→ Work order: With pictures left out, output exactly the lines from the line holding "Houston, TX 77043" through the end of the data, both included.

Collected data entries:
# # # # # # #
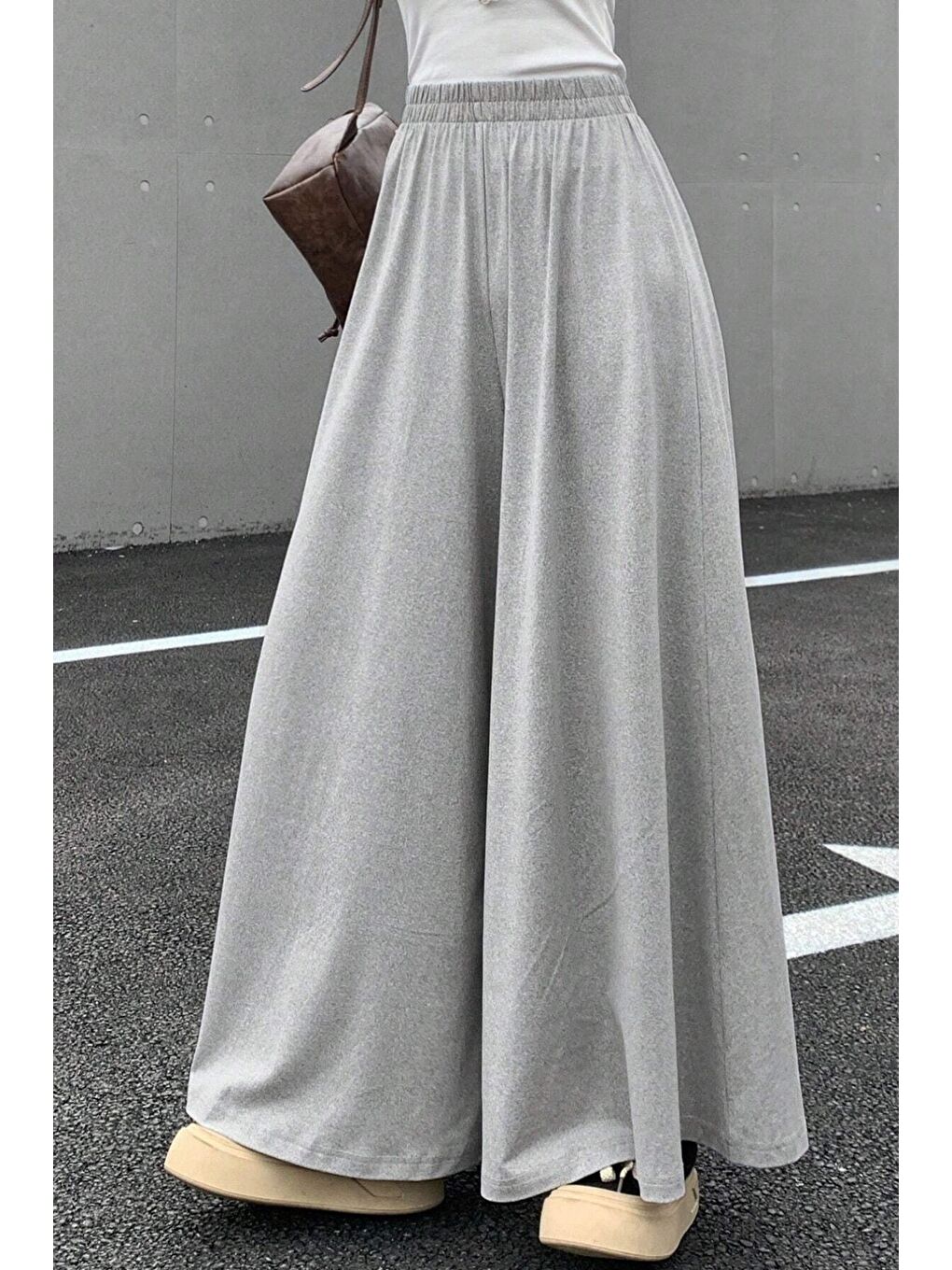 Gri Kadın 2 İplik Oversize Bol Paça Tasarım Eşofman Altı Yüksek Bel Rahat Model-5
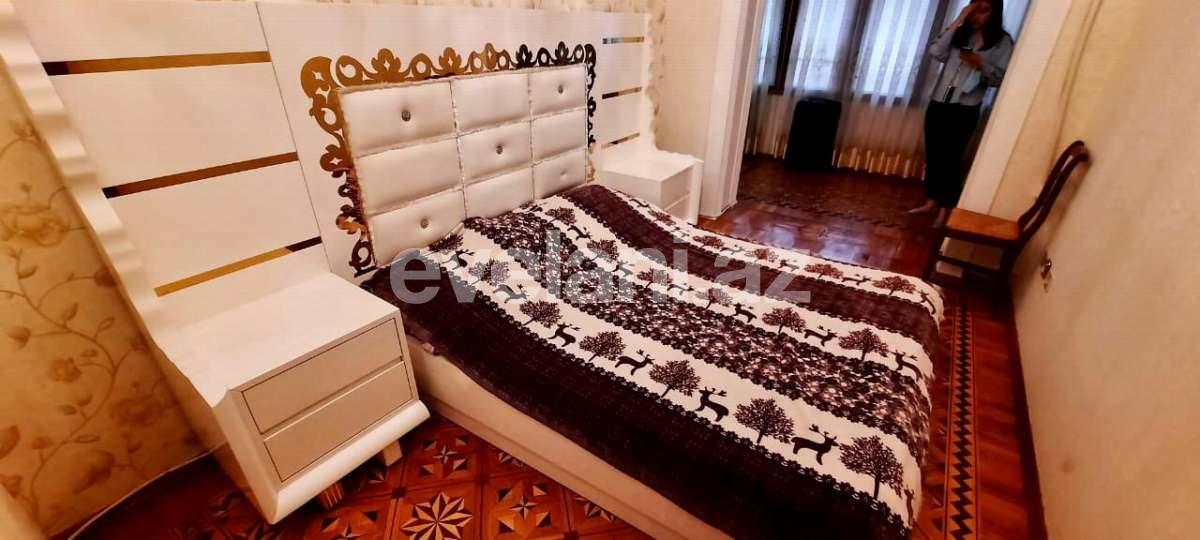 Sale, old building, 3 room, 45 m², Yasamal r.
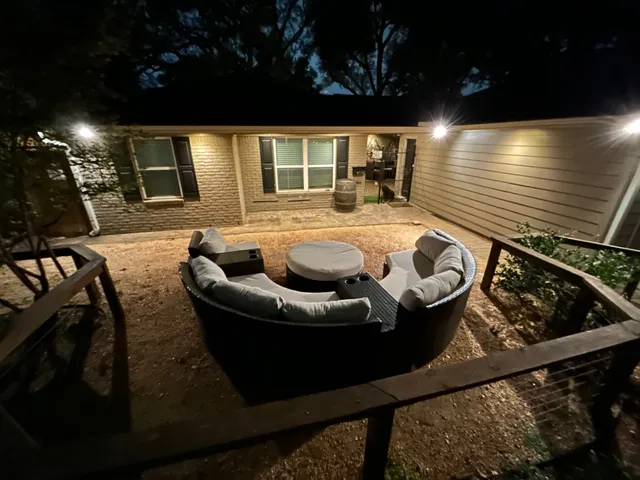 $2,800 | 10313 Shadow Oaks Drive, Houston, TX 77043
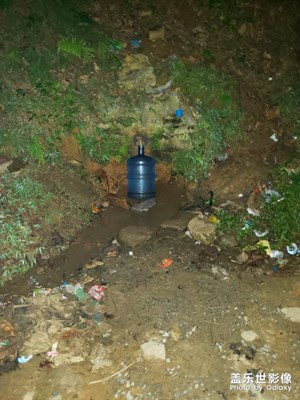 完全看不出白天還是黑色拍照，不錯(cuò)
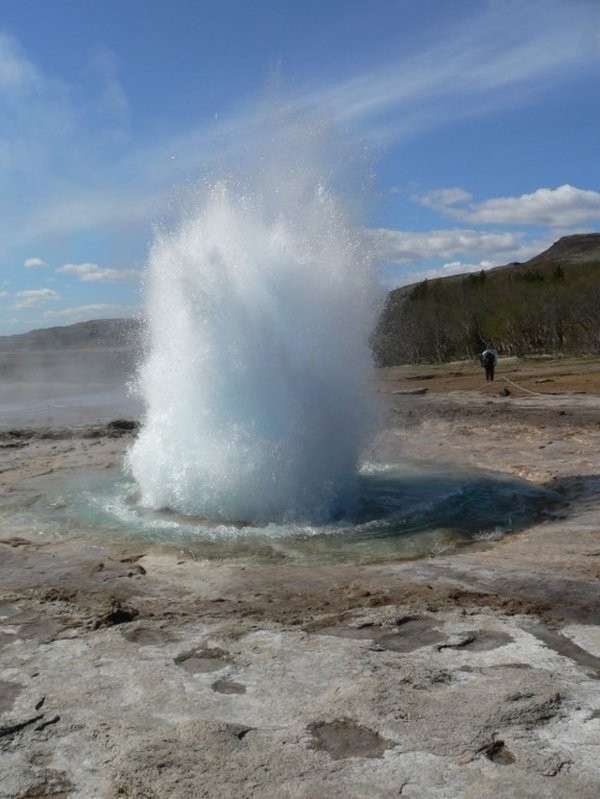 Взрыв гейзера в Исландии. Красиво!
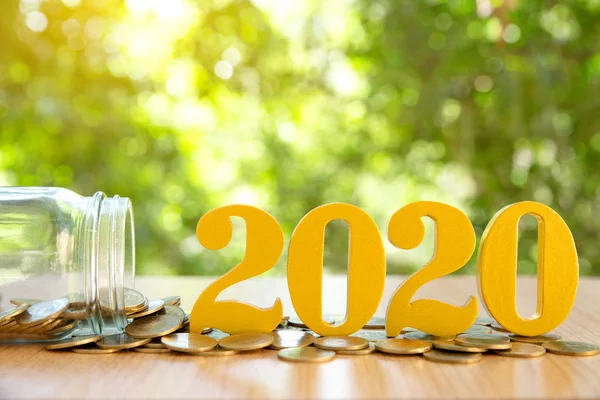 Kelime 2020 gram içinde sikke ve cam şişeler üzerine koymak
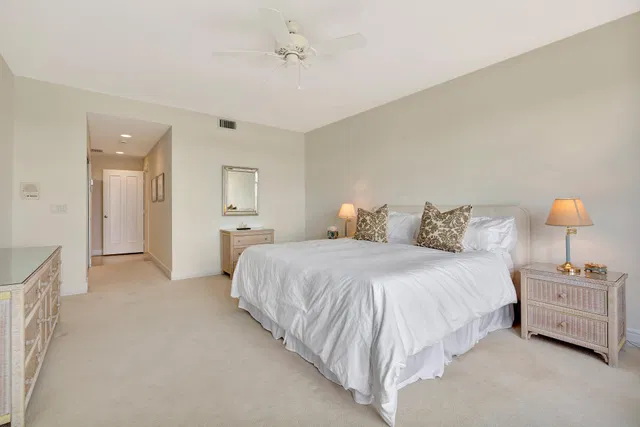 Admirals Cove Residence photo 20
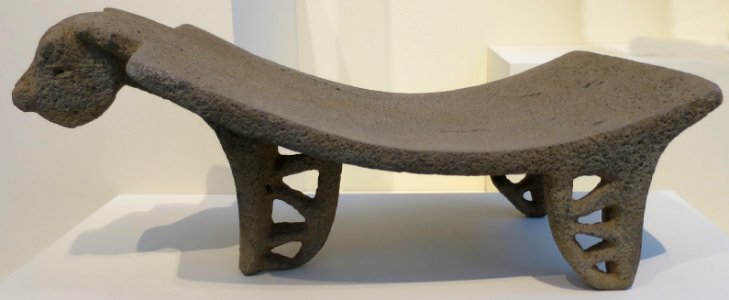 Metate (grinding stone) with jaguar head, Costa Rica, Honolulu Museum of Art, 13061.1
# # # # # # #
→ Answer box:
 $2,800 | 10313 Shadow Oaks Drive, Houston, TX 77043
 完全看不出白天還是黑色拍照，不錯(cuò)
 Взрыв гейзера в Исландии. Красиво!
 Kelime 2020 gram içinde sikke ve cam şişeler üzerine koymak
 Admirals Cove Residence photo 20
 Metate (grinding stone) with jaguar head, Costa Rica, Honolulu Museum of Art, 13061.1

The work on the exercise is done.